_Task statement_.
Exactly reproduce the line containing "Laboratorio Baterías de General Motors" and all later lines to the end of the entries, leaving the pictures out of your copy.

_Stored data_.
++++++++

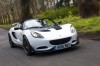 First drive: Lotus Elise Cup 250. Image by Lotus.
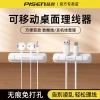 PISEN Desktop Cable Organizer - Magnetic Data Cord Manager, Soft Silicone Fixed Wire Winder with Adhesive Clips, Mini Portable Hub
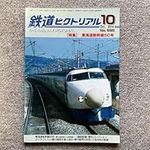 Railway Pictorial No.895 October 2014 Issue Special Tokaido Shinkansen 50 Years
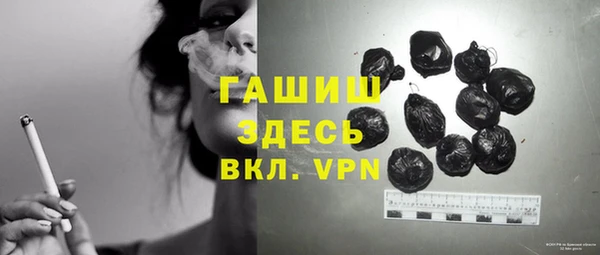 ешки Ладушкин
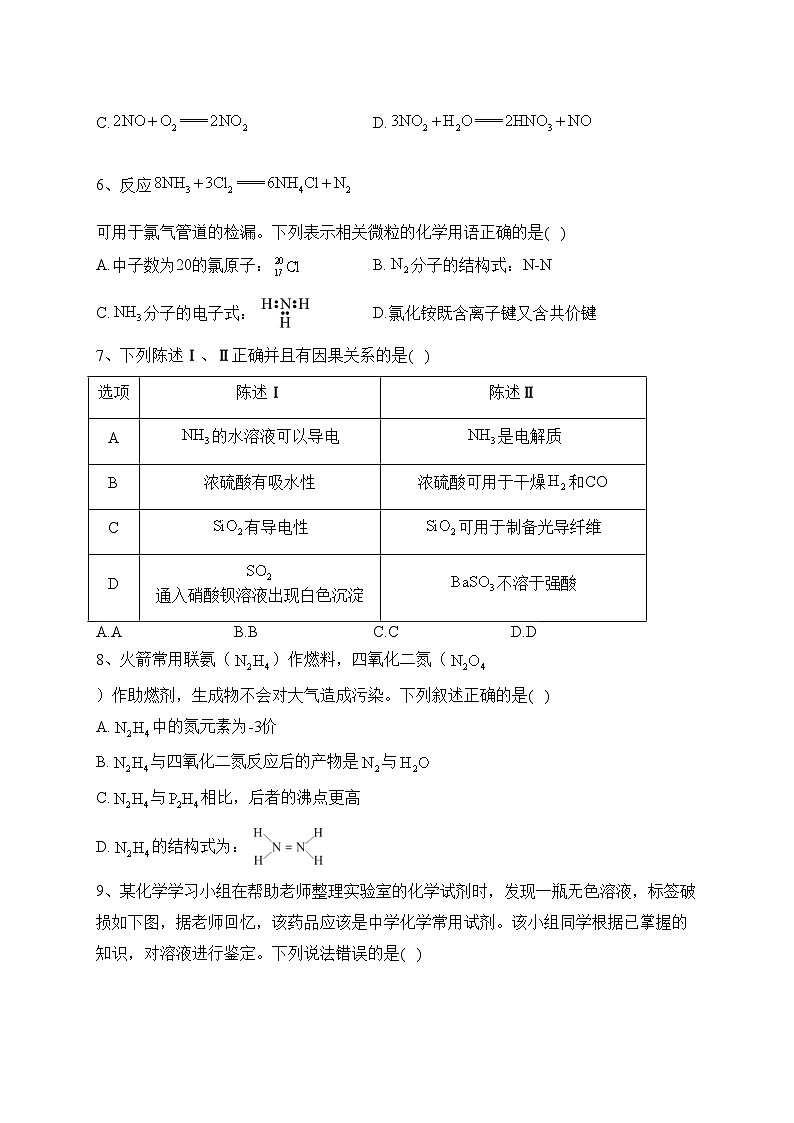 泗阳县实验高级中学2022-2023学年高一下学期第一次质量调研化学试卷（含答案）02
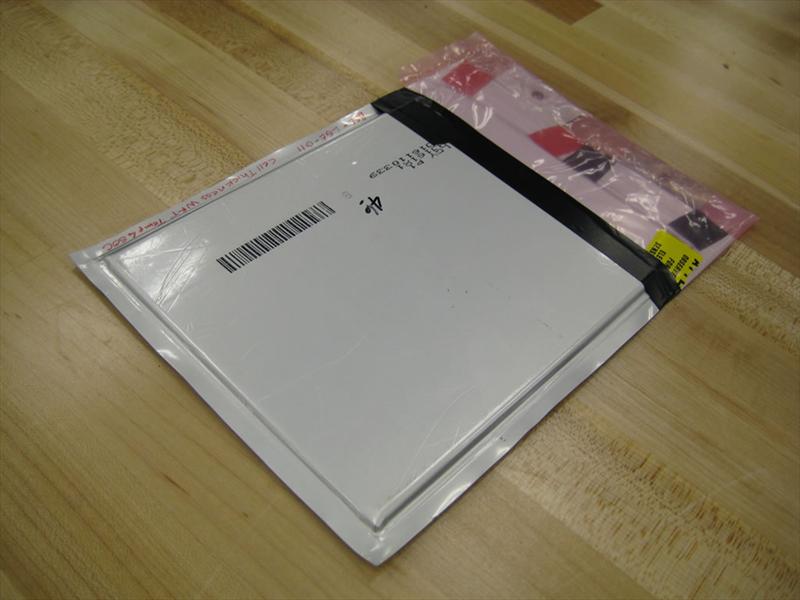 Laboratorio Baterías de General Motors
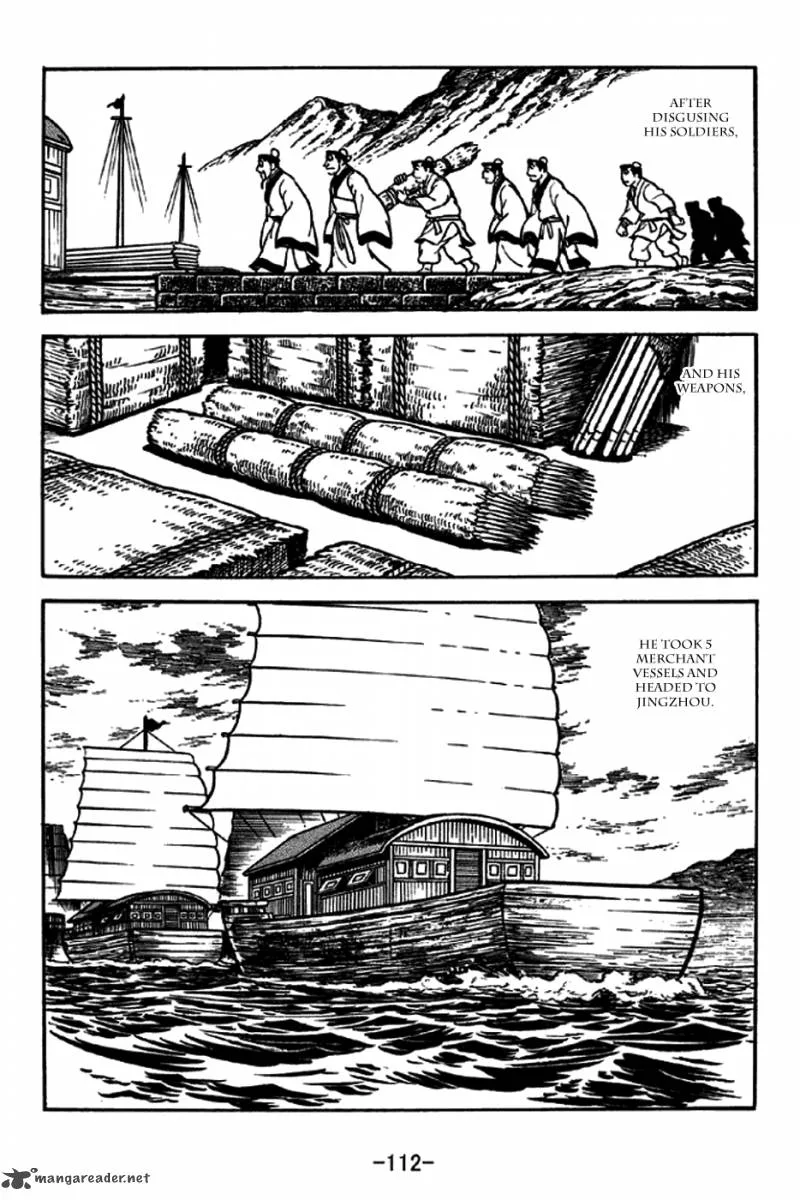 Sangokushi Chapter 206 page 7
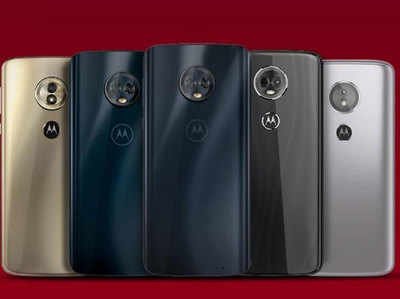 Moto G7 Power की आज से शुरू होगी ऑफलाइन सेल, 13999 रुपये हो सकती है कीमत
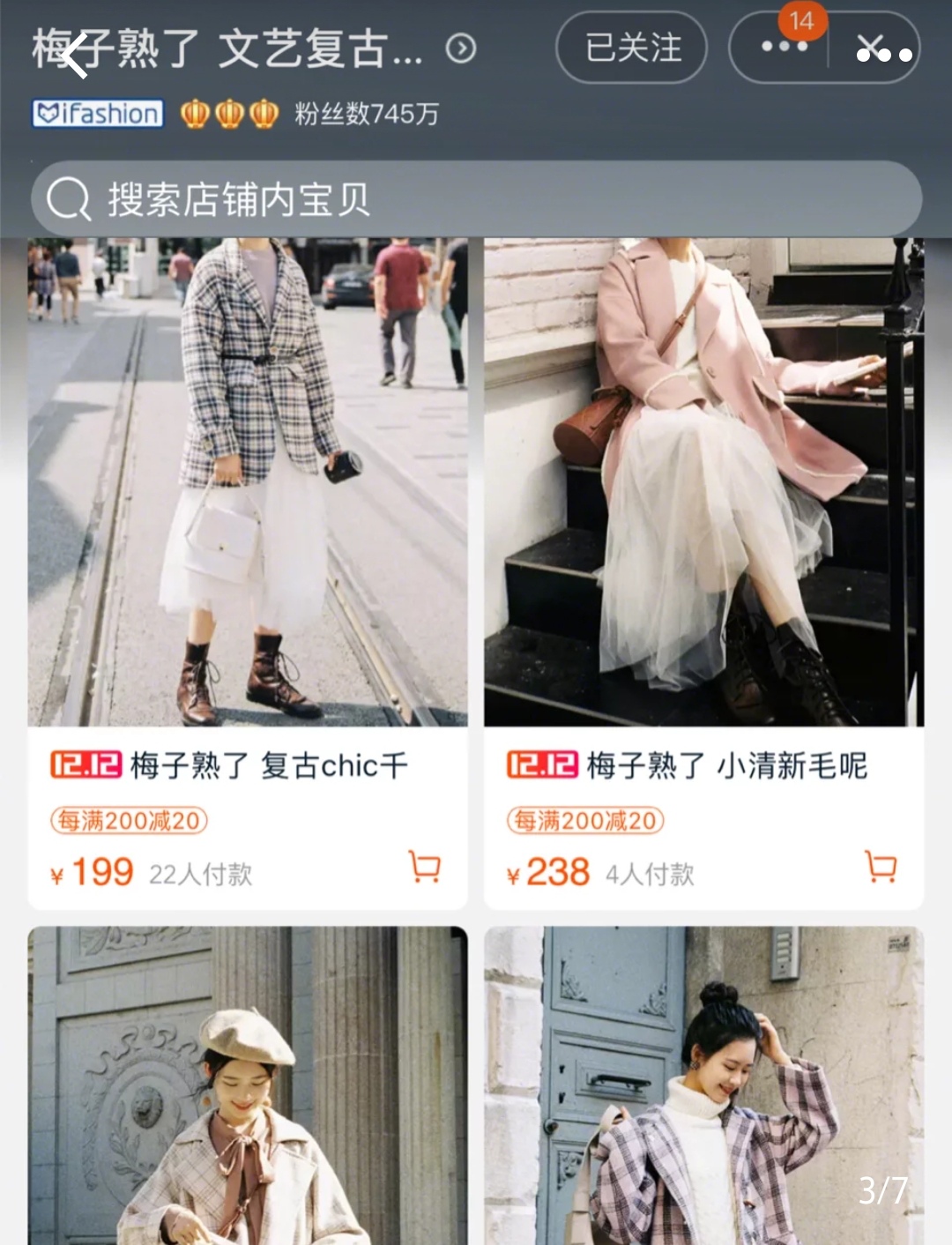 平价大衣冬季简约推荐,矮个子爆款大衣推荐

++++++++

_Answer below_.
 Laboratorio Baterías de General Motors
 Sangokushi Chapter 206 page 7
 Moto G7 Power की आज से शुरू होगी ऑफलाइन सेल, 13999 रुपये हो सकती है कीमत
 平价大衣冬季简约推荐,矮个子爆款大衣推荐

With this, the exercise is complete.